We’re heralding a new era of precision cancer care; a transformative change driven by gene-profiling technologies is slowly phasing out one-size-fits-all standard treatments such as chemotherapy.
Designing personalised treatment protocols for colorectal cancer (CRC) patients currently relies on a consensus molecular subtype (CMS) classifier, a system used to categorise tumours based on their genetic and molecular characteristics.
However, researchers say that because CMS analyses tumour cells in bulk, it lacks resolution. Today’s CMS can be compared to classifying cars into broad categories such as ‘sports cars’ or ‘utility vehicles’, which overlooks the unique features and capabilities of individual models.
Iain Tan, a Principal Investigator at A*STAR’s Genome Institute of Singapore (GIS), said that single-cell RNA sequencing (scRNA-seq) technologies can help to fill the gap. “We can identify malignant cell subtypes and their properties, as well as understand their interactions with other cells in the tumour microenvironment,” said Tan, adding that this provides a clearer view of CRC heterogeneity.

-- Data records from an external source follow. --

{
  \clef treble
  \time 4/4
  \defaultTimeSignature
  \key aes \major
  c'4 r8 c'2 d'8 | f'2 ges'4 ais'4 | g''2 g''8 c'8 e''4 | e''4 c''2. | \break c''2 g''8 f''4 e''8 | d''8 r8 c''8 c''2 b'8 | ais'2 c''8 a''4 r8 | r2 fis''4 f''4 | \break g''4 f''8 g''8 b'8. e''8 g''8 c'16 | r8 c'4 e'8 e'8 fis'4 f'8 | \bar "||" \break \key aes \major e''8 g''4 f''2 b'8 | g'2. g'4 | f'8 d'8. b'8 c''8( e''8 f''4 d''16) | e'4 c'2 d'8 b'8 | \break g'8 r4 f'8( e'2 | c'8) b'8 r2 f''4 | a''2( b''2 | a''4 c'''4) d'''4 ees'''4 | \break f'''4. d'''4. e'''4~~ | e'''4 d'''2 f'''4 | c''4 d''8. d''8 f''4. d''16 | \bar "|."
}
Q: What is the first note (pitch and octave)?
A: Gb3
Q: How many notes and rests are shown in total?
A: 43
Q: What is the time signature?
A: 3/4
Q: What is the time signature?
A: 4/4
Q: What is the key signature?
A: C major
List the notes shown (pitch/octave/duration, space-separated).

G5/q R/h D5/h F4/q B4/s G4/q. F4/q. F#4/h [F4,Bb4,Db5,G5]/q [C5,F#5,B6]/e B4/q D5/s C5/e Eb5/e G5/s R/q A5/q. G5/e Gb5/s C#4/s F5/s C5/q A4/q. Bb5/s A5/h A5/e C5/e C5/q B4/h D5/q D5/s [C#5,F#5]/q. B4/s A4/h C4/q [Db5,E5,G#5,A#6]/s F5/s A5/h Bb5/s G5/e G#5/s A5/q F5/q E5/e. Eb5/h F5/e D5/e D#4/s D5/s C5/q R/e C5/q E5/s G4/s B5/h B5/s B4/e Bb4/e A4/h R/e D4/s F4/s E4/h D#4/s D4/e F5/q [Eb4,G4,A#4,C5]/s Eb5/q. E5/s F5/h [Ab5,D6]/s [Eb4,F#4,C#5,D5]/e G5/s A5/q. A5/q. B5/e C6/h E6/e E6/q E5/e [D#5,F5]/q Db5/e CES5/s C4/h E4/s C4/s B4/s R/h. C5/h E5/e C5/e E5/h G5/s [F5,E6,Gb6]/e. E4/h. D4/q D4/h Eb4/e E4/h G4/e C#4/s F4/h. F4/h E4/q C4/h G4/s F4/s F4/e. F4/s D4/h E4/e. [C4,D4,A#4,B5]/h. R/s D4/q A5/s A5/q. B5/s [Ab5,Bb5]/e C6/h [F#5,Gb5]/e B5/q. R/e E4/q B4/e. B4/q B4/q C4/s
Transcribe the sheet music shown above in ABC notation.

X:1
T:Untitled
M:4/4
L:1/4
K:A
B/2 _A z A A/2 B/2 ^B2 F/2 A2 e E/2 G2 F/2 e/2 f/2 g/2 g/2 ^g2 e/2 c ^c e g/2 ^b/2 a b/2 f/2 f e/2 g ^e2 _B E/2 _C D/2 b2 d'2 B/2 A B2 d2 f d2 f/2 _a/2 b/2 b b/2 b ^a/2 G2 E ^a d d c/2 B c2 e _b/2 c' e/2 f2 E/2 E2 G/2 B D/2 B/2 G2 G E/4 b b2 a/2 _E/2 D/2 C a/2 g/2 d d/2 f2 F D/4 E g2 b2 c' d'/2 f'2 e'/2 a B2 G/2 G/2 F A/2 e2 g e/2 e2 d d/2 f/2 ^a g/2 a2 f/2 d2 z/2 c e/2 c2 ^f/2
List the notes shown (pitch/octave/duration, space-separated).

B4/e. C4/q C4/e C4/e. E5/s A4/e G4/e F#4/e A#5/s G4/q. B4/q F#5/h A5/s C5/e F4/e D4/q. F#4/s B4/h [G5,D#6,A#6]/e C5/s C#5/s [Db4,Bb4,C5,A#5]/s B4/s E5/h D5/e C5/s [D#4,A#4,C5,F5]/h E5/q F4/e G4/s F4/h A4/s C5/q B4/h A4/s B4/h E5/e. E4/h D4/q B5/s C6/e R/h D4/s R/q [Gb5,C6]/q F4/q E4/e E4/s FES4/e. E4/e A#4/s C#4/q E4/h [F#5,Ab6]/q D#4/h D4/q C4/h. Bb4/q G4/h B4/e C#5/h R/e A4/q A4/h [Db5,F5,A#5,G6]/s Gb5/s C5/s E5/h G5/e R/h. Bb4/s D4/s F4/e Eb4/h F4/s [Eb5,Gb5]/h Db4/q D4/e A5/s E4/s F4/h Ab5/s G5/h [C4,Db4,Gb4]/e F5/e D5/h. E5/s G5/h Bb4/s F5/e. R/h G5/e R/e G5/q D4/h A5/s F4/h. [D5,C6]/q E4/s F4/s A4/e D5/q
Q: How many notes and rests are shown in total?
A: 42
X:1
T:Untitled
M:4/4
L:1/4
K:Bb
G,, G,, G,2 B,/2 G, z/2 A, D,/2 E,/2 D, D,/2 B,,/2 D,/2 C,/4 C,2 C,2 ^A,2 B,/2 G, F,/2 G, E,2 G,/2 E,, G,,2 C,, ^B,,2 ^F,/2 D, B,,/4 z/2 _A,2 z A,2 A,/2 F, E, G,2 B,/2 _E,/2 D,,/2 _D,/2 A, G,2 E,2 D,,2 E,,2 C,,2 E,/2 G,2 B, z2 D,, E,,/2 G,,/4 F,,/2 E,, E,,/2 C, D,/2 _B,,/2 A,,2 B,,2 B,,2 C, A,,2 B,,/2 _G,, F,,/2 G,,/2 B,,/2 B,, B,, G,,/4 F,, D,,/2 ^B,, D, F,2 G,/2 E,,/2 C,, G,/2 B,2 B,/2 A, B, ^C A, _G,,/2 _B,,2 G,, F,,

Tan was part of a cross-functional team including researchers from National Cancer Centre, Singapore General Hospital, and experts from Singapore, Switzerland, Belgium, Korea and the US that aimed to revamp the current CMS with the help of transcriptomics.
The team analysed a massive 370,000 transcriptomes from 63 patients across five cohorts, generating one of the largest single-cell CRC datasets to date. A subset of about 50,000 epithelial cell transcripts formed the nexus of their inquiry, as these cells are known to be the origin of most CRCs.
Their analyses revealed that malignant epithelial cells were divided into two intrinsic-molecular subtypes—iCMS2 and iCMS3—characterised by distinct signalling pathways and mutational profiles. They also found that one-third of microsatellite stable tumours share more in common with microsatellite instability-high tumours in terms of their genetic activity and biological pathways—a finding that challenges the traditional classifications of CRC.
With this, the existing CMS went from four broad categories to five distinct subtypes, which now include data on the tumour’s intrinsic epithelial subtype, microsatellite instability status and fibrosis.
In addition, the researchers offered trailblazing insights on the existing classifier, CMS4, known to represent fibrotic tumours that are particularly prone to post-treatment relapse.
“CMS4 tumours are evenly split between iCMS2 and iCMS3, [and are] not a distinct subgroup,” explained Tan. “CMS4 cancers with iCMS3 epithelium have particularly poor outcomes.”
These new frameworks to stratify CMS4 tumours provide a more nuanced understanding that can reshape diagnostic and treatment strategies for CRC patients. For example, iCMS3 cancers have an inflammatory and immune-activated tumour microenvironment and may therefore be more susceptible to immunotherapies.
Moving ahead, the researchers’ ongoing pursuits are exploring the early development and immunological makeup of iCMS2 and iCMS3 tumours. “We are also performing biological and clinical studies to prevent CRC metastasis,” concluded Tan.
The A*STAR-affiliated researchers contributing to this research are from the Genome Institute of Singapore (GIS) and the Institute of Molecular and Cell Biology (IMCB).